What the task requires ->
Below is a block of entries; repeat exactly the lines starting at the line that contains "Ford FUSION SE" and ending at the line that contains "Pijama baieti, din", both included.

Supplied entries ->
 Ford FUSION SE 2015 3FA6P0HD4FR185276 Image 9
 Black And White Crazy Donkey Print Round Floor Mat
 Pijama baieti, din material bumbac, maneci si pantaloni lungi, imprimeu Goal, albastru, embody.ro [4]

==

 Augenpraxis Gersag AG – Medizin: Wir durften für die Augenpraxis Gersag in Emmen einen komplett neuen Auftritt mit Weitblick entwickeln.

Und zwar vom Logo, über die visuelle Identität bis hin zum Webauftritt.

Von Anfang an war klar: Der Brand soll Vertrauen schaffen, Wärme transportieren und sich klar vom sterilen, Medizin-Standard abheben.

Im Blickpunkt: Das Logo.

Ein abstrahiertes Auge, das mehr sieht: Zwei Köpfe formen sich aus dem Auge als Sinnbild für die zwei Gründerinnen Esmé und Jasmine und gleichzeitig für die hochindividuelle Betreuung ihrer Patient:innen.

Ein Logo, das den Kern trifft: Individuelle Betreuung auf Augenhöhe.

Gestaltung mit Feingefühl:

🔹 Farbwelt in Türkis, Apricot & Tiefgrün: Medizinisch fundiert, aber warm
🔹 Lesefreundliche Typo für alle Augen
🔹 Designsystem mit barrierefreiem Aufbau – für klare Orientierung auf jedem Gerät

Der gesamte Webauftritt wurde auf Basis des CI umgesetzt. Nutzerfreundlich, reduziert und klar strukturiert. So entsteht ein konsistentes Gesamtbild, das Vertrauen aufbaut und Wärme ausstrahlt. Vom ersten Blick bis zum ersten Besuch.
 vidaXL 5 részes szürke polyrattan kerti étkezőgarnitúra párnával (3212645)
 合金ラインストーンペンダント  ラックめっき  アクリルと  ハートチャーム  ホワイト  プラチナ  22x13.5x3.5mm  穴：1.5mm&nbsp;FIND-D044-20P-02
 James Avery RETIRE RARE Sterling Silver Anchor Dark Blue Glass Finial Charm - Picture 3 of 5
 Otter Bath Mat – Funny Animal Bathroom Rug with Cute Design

==

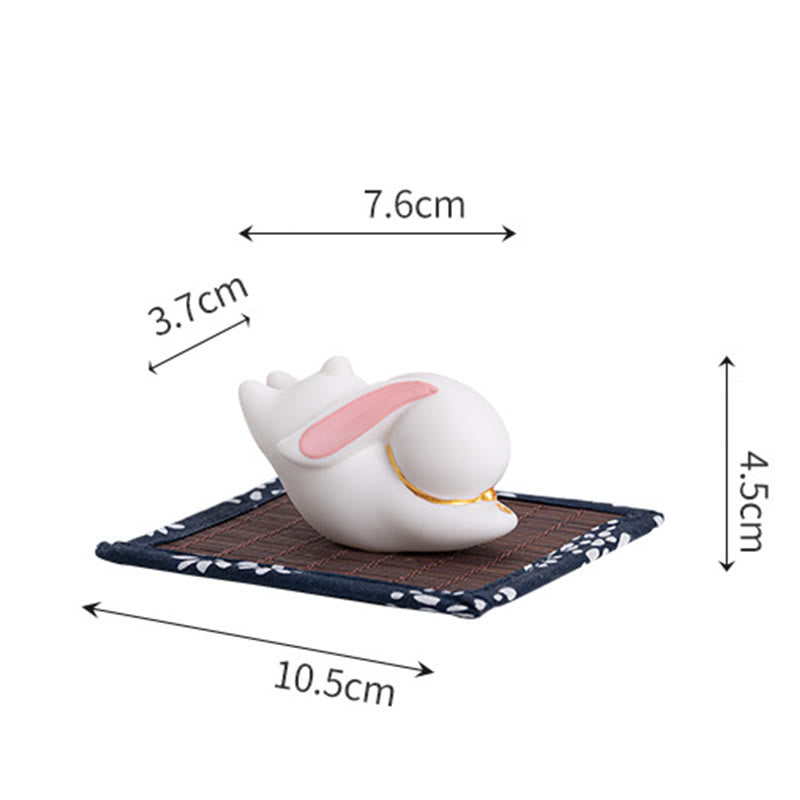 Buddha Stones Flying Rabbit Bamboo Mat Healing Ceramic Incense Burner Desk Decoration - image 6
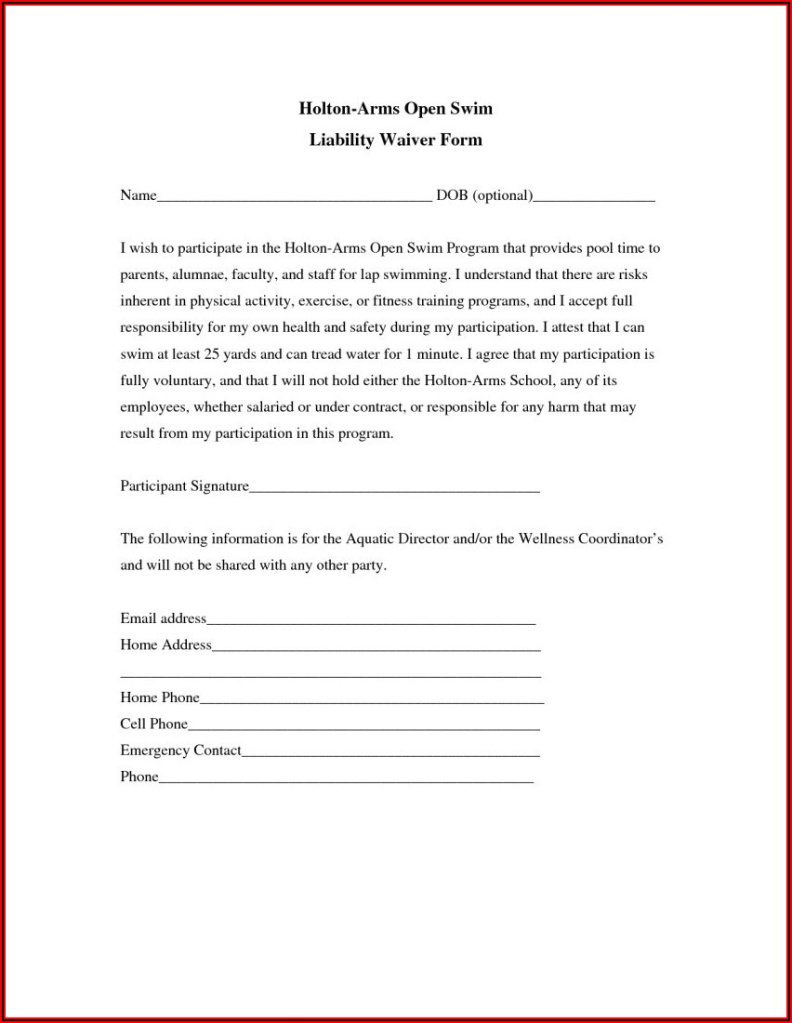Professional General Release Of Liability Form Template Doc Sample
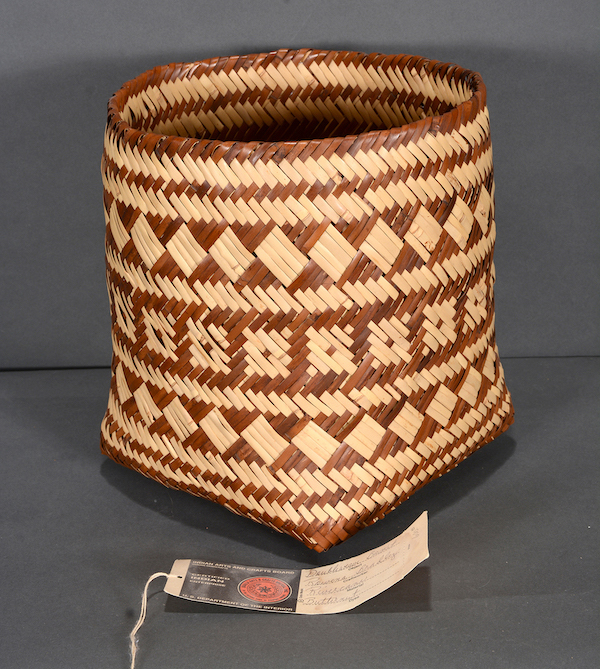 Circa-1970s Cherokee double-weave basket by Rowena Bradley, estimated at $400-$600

Response to this task ->
 Ford FUSION SE 2015 3FA6P0HD4FR185276 Image 9
 Black And White Crazy Donkey Print Round Floor Mat
 Pijama baieti, din material bumbac, maneci si pantaloni lungi, imprimeu Goal, albastru, embody.ro [4]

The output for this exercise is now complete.